[Records for this exercise]
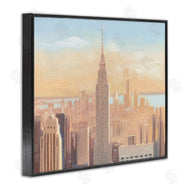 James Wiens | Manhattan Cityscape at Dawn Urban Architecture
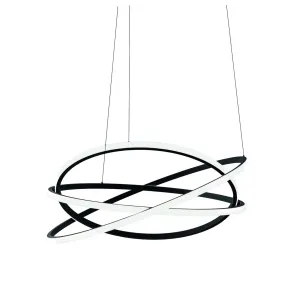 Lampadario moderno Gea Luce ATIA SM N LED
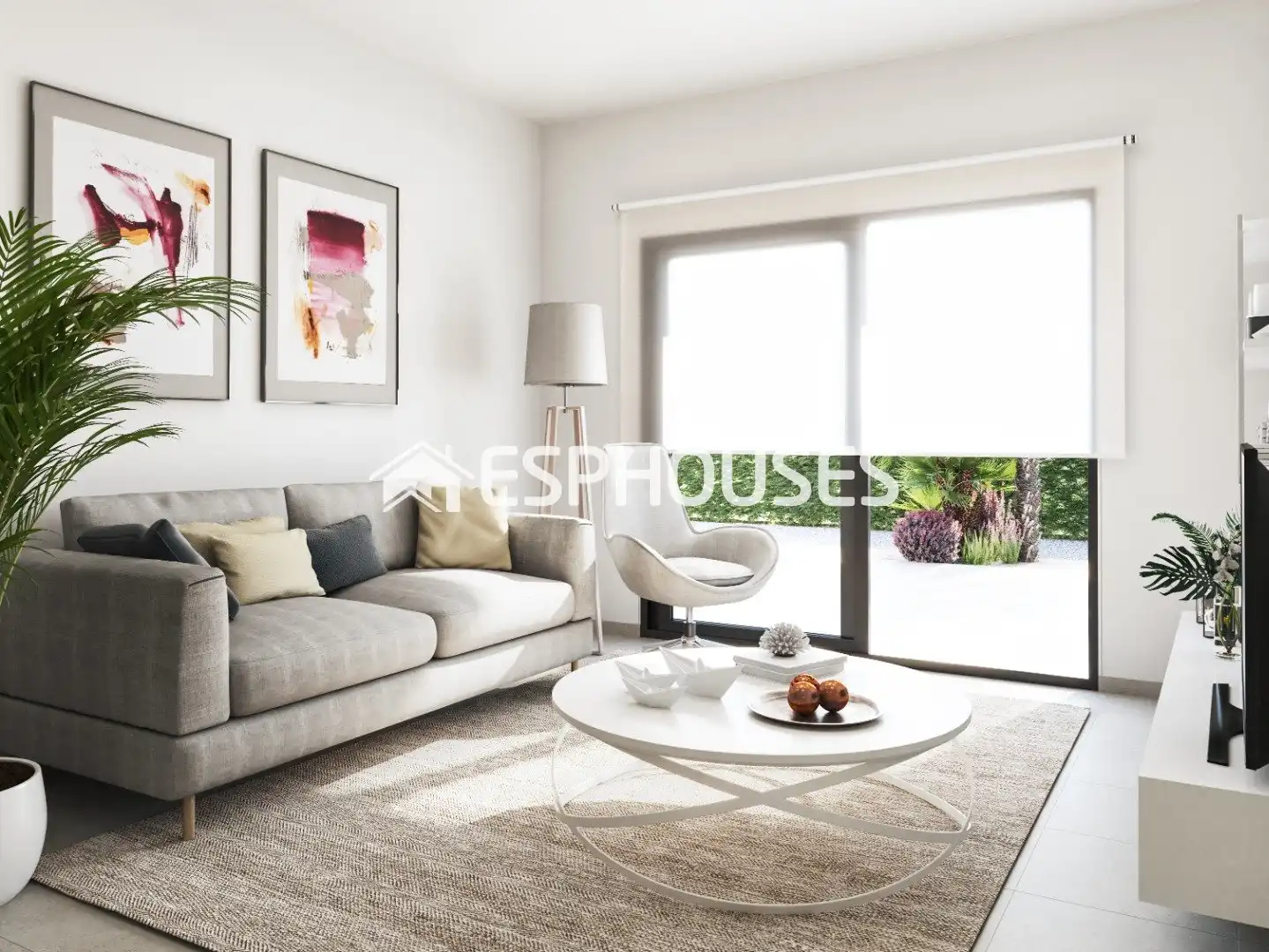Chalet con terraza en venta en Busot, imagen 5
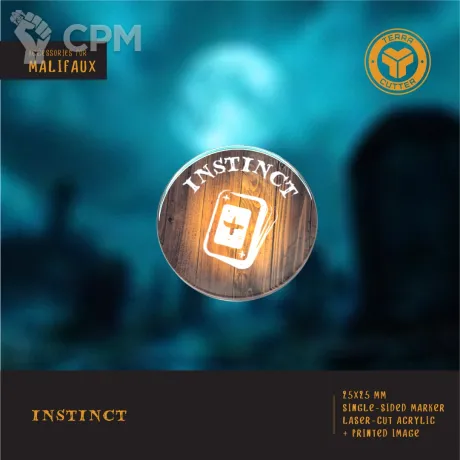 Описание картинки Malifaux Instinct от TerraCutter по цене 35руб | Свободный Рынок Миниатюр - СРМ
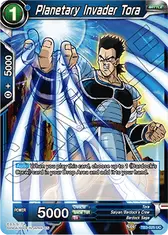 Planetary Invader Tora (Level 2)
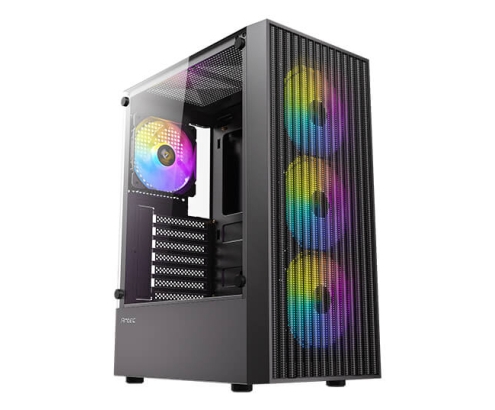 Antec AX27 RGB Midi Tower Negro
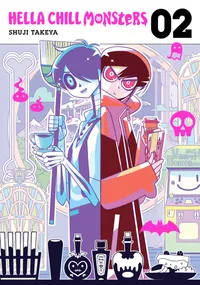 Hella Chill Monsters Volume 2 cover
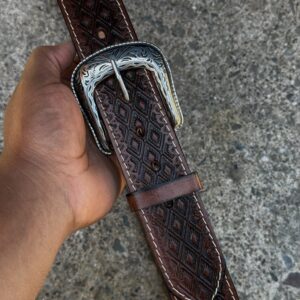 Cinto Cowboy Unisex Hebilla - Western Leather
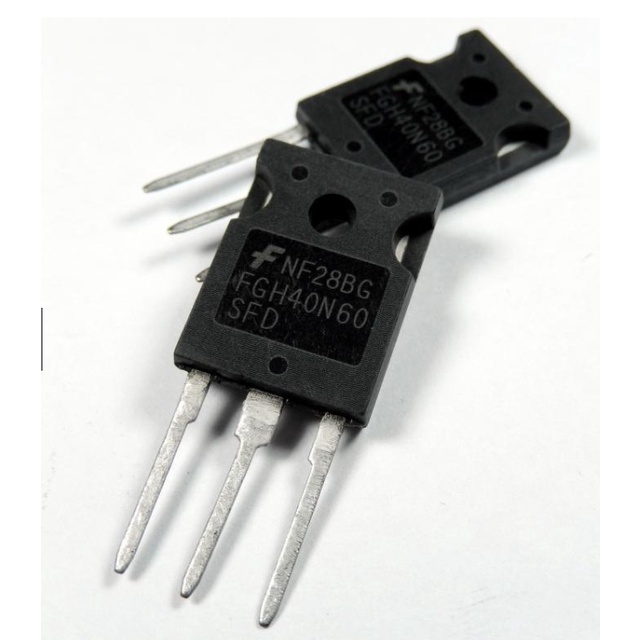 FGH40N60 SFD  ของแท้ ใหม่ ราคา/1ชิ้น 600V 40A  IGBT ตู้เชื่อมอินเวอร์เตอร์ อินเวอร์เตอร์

[Problem statement]
What is needed is an exact copy of the lines above, from the one holding "Описание картинки Malifaux" down to the one holding "Cinto Cowboy Unisex", with those two included and the pictures left out.

[Result of this exercise]
 Описание картинки Malifaux Instinct от TerraCutter по цене 35руб | Свободный Рынок Миниатюр - СРМ
 Planetary Invader Tora (Level 2)
 Antec AX27 RGB Midi Tower Negro
 Hella Chill Monsters Volume 2 cover
 Cinto Cowboy Unisex Hebilla - Western Leather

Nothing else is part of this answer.